Recebido
em 11 de setembro de 2016
Por
Gutemberg
Miranda,
que leciona Filosofia na UFAL.
![]() |
Sigmund Freud (1856-1939) |
No
consultório do Dr. Maciel todos saíam com uma receita tarja preta.
Bastava ele desconfiar de alguma desordem comportamental, a partir de
seus parâmetros morais e religiosos, que a prescrição estava
garantida. Perguntava a opção sexual dos pacientes e, conforme
cálculos pré-estabelecidos com a ajuda de seu sistema teológico,
era indicado determinada dosagem de antidepressivos e ansiolíticos.
Bastava ouvir um relato de traição conjugal, era certa determinada
dosagem de psicotrópicos. Mas o que ele não aceitava mesmo era a
liberdade sexual, o sexo casual, e a multiplicidade de parceiros
sexuais era suficiente para determinar a dopagem e internação do
paciente.
Seus
colegas de ambulatório logo perceberam a loucura do médico, o seu
fanatismo religioso evidente e, por conta disso, não tiveram dúvida
que se tratava de um caso de internação. Ele acordou num leito de
hospital e ao perceber a situação prescreveu mentalmente um remédio
para seu colega de profissão. Ao ver a enfermeira que lhe aplicava a
injeção, não teve dúvida que se tratava de uma assistente do
diabo, e imaginou o quanto de droga psiquiátrica ela
mereceria por executar as ordens de algum cientista materialista sem
nenhuma convicção moral ou religiosa.
Sua
obsessão pela cura dos “males” através de medicamentos só
aumentou durante sua estada no sanatório. Dr. Maciel logo arrumou um
jeito de fugir daquele espaço que ele conhecia tão bem desde a
época de sua residência médica. Partiu para um lugar ermo, lá
encontrou muitos fiéis e não teve dificuldade em convencer as
pessoas com suas hipóteses fundamentalistas. Ele se tornou um líder
religioso carismático, mas sua grande vontade era curar o Complexo
de Édipo
de seus seguidores por meio de procedimentos farmacológicos.
Na
impossibilidade de recorrer à medicina tradicional, encontrou na
homeopatia um alívio para seu transtorno obsessivo: prescreveu um
chá para todos os ouvintes e recitou durante várias horas trechos
do evangelho, acreditando
que depois desse ritual o Complexo
de Édipo
estaria sanado por completo. Na medida em que seus discípulos se
acordavam, aplicava técnica de hipnose com a segurança absoluta que
não ouviria os relatos obscenos que imortalizaram a teoria de Freud.

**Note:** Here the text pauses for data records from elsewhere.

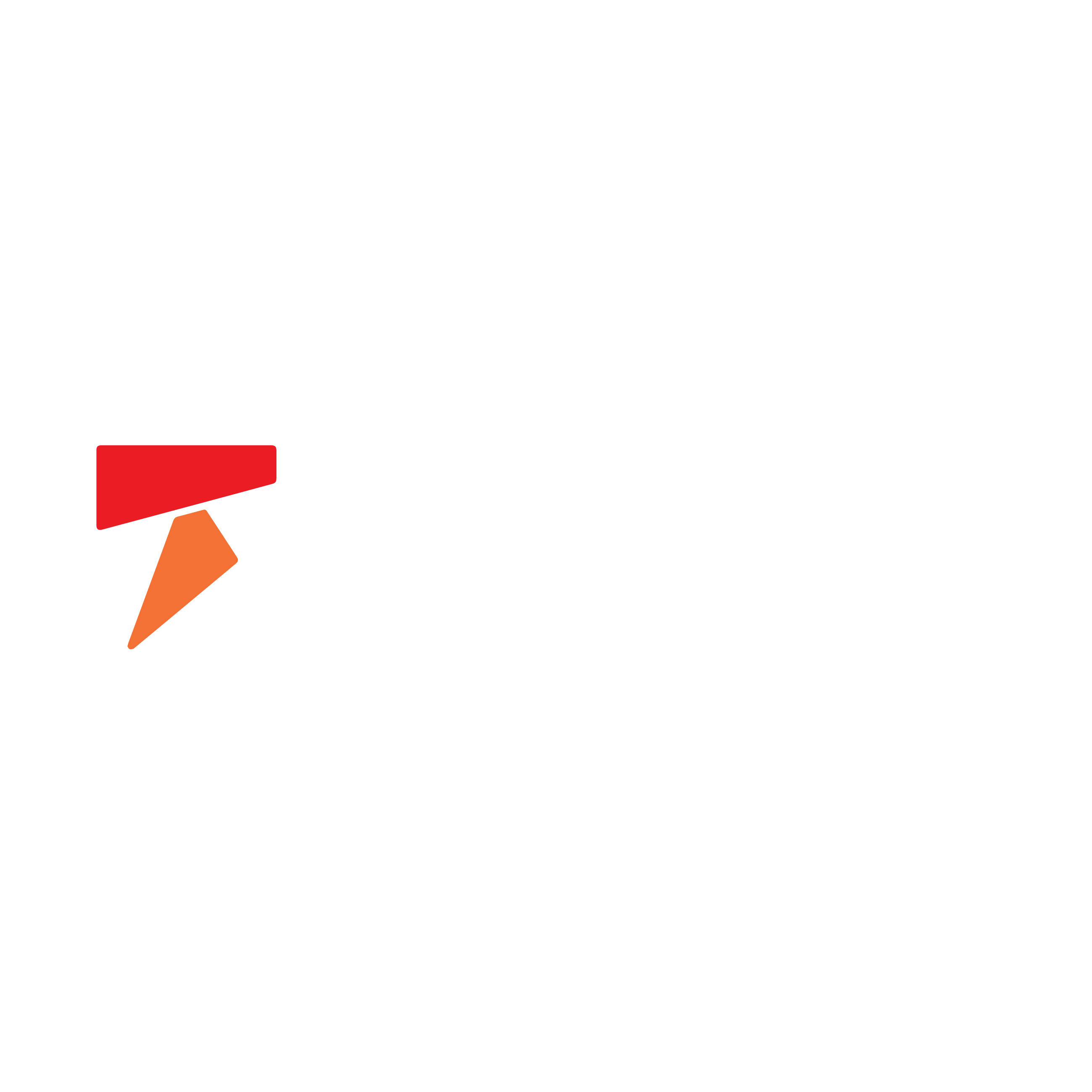 Techix Academy Logo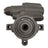 Maval 97179M Power Steering Pump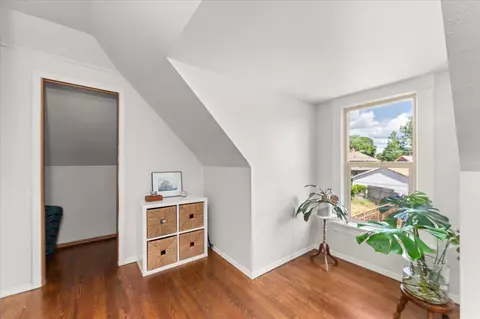 2320 W Sharp Ave, Spokane, WA 99201 photo 28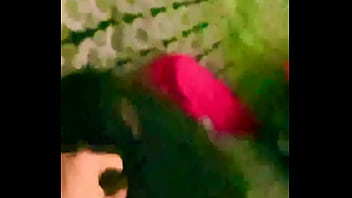 Cumming In Lightskin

Mas o que ele ouviu o deixou ainda mais transtornado. Seus devotos
diziam sentir atração sexual por Deus,
pelo Senhor,
pelo Pai
Celestial.
Dr. Maciel diante daquelas incredulidades, desmaiou. Seus
irmãos de fé o levaram para o hospital e por lá ele
permaneceu
em coma durante vários dias. Ao se acordar, exclamou: “Deus
me fez uma revelação! A partir de hoje Freud está superado!”.
Todos ficaram ansiosos na expectativa da revelação do conteúdo do
sonho, e o Dr. Maciel prosseguiu: “O segredo da virgindade de Maria
é a cura para o Complexo
de Édipo.
Jesus nasceu através da geração espontânea, e do Espírito
Santo
não se pode haver ciúmes. Salve, Aleluia, Salve! Por fim estamos
livres de Dr. Freud, graças a Deus!
Eis um milagre, a salvação! Glória, glória ao Senhor,
salve! A teologia nunca será superada pela psicanálise. Um simples
sonho põe abaixo a tese da estrutura bissexual do Complexo
de Édipo.
Eis a solução de todo enigma: a trindade, a virgindade de Maria, o
pai, o filho e o Espírito
Santo
não dão cabimento ao Dr. Freud, ao Complexo
de Édipo.
Não há remédio melhor para acabar com essas baboseiras de
inconsciente. Eu sabia, eu sabia. Glória meu pai, não me
abandonastes!”.
Em
seguida, o Dr. Maciel entrou em transe seguido de coma profundo, e
foi
indispensável a intervenção alopática: “Contraria
contrariis curantur” [“Os
contrários curam”].
Muito bom! Lembra-me, caro Gutemberg, O ALIENISTA de Machado de Assis. Arrisca Machado a dizer: Se todos são "loucos" menos eu; eu mesmo devo admitir: sou eu mesmo "louco" em meu próprio pífio hospício. Abraço fraterno.